Initially I used Parallel Studio 2019 Initial Release to compile and run, with only Intel MPI parallelization (no threading). Years ago we added these variables to the starting script: OMPI_MCA_mpi_yield_when_idle=1 OMPI_MCA_mpi_paffinity_alone=1 OMP_NUM_THREADS=1 (I guess they're irrelevant, but they're here).
To ensure isolation of the PWscf tasks from other software running on the node, I use the "cset" package tools (Linux Mint 19, clone of Ubuntu 18.04). Sockets 1-3 are devoted to PWscf, socket 0 is devoted to OS and other software. All tests are done with a multiple-of-3 number N of tasks, globally tied to N cores evenly distributed on sockets 1-3 (I don't do anything special to bind each task to a specific core).

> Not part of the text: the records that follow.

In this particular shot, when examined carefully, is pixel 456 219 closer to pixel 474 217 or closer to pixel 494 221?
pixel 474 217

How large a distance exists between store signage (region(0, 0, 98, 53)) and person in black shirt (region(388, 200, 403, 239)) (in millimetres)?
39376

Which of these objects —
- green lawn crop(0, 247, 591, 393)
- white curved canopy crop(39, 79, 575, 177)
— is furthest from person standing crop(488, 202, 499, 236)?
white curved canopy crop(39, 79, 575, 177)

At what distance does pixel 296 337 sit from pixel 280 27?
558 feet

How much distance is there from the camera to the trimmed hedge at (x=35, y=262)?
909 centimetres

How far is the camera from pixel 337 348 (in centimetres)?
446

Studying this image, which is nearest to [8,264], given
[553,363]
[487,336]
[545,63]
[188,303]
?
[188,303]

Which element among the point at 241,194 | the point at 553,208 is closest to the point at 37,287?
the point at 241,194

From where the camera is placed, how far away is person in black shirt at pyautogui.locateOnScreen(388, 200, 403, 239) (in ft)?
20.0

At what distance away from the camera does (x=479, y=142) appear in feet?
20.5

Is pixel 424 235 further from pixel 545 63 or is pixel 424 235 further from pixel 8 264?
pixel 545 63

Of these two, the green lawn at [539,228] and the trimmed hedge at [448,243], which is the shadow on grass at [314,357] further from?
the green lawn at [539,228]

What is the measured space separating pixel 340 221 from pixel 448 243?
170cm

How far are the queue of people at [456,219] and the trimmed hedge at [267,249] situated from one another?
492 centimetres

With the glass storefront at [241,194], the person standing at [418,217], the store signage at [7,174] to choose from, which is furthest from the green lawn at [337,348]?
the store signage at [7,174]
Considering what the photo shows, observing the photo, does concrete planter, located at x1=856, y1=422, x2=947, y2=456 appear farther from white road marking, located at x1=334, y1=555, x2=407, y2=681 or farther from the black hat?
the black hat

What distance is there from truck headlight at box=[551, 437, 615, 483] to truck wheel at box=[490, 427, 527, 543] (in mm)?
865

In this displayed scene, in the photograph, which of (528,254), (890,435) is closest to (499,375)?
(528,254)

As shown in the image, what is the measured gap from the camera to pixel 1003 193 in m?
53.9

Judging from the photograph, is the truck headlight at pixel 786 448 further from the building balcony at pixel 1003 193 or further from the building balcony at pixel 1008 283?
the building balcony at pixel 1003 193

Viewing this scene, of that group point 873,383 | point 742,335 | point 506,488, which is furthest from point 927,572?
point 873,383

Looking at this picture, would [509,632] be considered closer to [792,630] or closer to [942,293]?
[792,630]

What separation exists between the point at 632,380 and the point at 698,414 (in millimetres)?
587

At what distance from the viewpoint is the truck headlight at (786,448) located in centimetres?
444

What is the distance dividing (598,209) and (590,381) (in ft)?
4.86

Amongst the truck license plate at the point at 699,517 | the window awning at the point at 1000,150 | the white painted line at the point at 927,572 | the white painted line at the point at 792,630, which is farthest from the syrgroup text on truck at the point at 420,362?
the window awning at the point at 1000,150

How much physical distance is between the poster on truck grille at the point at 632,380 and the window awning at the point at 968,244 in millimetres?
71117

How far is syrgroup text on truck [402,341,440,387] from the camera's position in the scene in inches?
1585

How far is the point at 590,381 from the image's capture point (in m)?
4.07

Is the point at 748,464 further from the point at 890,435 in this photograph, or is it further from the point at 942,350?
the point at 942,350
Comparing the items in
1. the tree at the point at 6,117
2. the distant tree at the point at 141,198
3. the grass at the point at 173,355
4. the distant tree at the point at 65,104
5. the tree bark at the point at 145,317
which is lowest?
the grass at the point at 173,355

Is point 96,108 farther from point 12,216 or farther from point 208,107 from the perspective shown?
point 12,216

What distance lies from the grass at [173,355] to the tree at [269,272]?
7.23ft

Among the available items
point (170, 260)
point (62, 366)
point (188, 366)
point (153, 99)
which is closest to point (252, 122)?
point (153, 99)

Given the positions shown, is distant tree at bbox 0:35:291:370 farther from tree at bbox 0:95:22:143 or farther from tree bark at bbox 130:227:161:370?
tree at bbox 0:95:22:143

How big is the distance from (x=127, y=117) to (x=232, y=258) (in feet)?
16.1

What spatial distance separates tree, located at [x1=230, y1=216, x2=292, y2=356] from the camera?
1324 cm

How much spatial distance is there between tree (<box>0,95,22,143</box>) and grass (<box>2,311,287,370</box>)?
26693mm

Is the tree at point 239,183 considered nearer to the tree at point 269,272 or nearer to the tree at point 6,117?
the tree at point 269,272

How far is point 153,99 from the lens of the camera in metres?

I have a reproducible test case: repetition of a few examples showed that the running time is precise to approx. ±10s (it ranges from approx. 1h30 to 3h depending on N) for jobs that complete. For failing jobs, the failure always occurs in the same cycle, ±1, for given values of the -np mpirun option and of the -ndiag PWscf option.
First series: all jobs with -np values ≥51 fail, irrespective of -ndiag; they fail in the 16th or 17th cycle, irrespective of -ndiag.
We then upgraded the node to 3 DIMMs of 16, 8, and 8 GB on channels 0, 1, and 2 of each socket.
Second series: timings are better (confirming our hypothesis of bandwidth limiting performance, and of our provider misconfiguring the node by populating only 1 DIMM per socket). Jobs complete with -np values up to 54 or 57, depending on the -ndiag value. Failing jobs fail sooner when -np is higher. E.g. -np 57 leads to failure in the 59th cycle, -np 72 to failure in the 44th cycle (for a given -ndiag).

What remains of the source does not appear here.